Synopses & Reviews
Both Anglo-American and Continental thinkers have long denied that there can be a coherent moral defense of the poststructuralist politics of Michel Foucault, Gilles Deleuze, and Jean-François Lyotard. For many Anglo-American thinkers, as well as for Critical Theorists such as Habermas, poststructuralism is not coherent enough to defend morally. Alternatively, for Foucault, Deleuze, Lyotard, and their followers, the practice of moral theorizing is passé at best and more likely insidious.

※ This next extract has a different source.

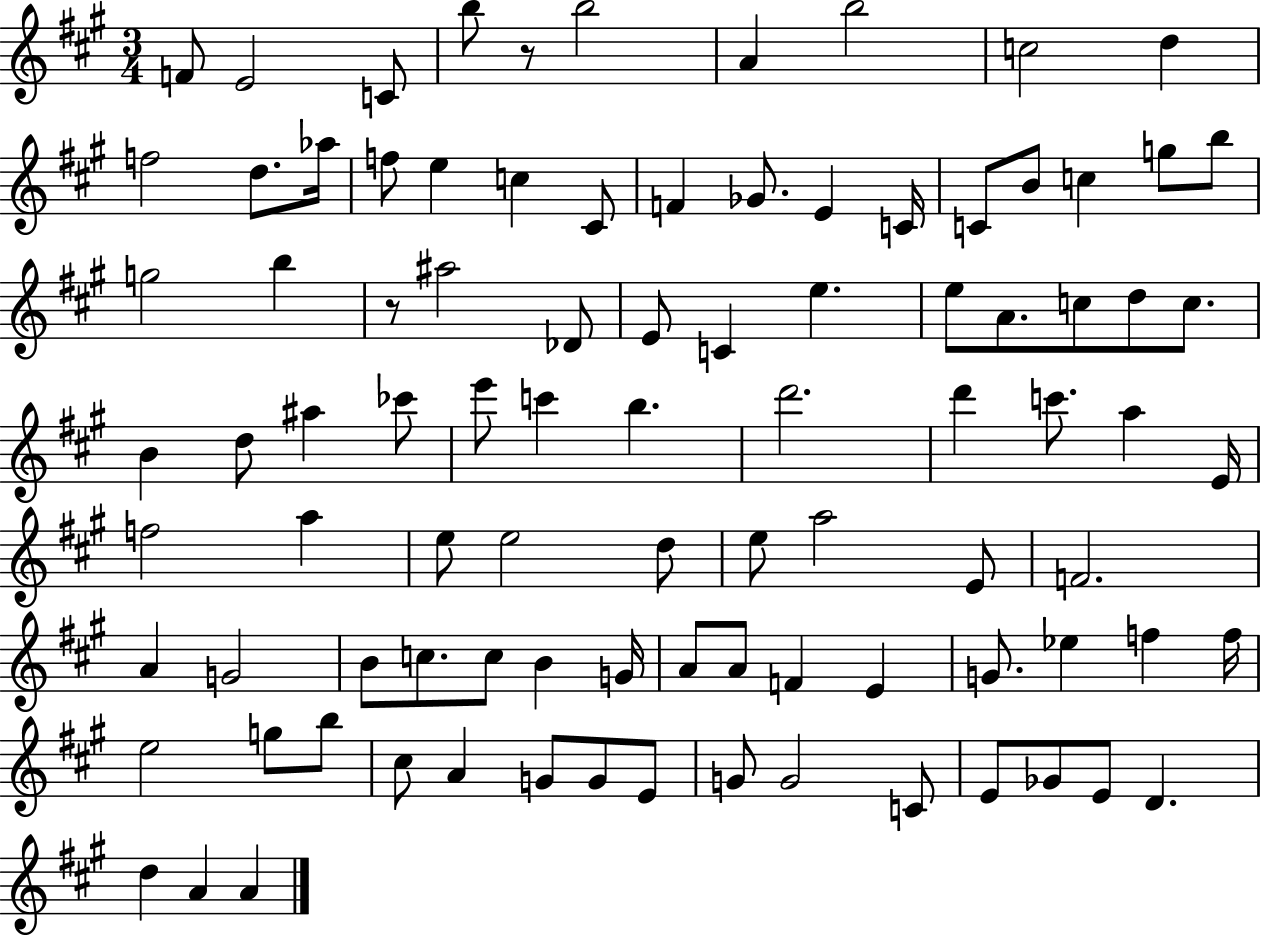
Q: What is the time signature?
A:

Todd May argues both that a moral defense of poststructuralism is necessary and that it is possible. First, he develops a metaethical view of moral theorizing that treats it as a social practice rather than a transcendentally derived guarantee for right action. He then articulates and defends antirepresentationalism, a principle central to poststructuralism. Finally, May offers a version of consequentialism that is consonant both with the principle of antirepresentationalism and with other poststructuralist commitments. In conclusion, he distinguishes morality from an aesthetics of living and shows the role the latter plays for those who embrace antirepresentationalism.
About the Author
Todd May is Associate Professor of Philosophy at Clemson University. He is the author of two previous books published by Penn State Press, The Political Philosophy of Poststructuralist Anarchism (1994) and Between Genealogy and Epistemology: Psychology, Politics, and Knowledge in the Thought of Michel Foucault (1993).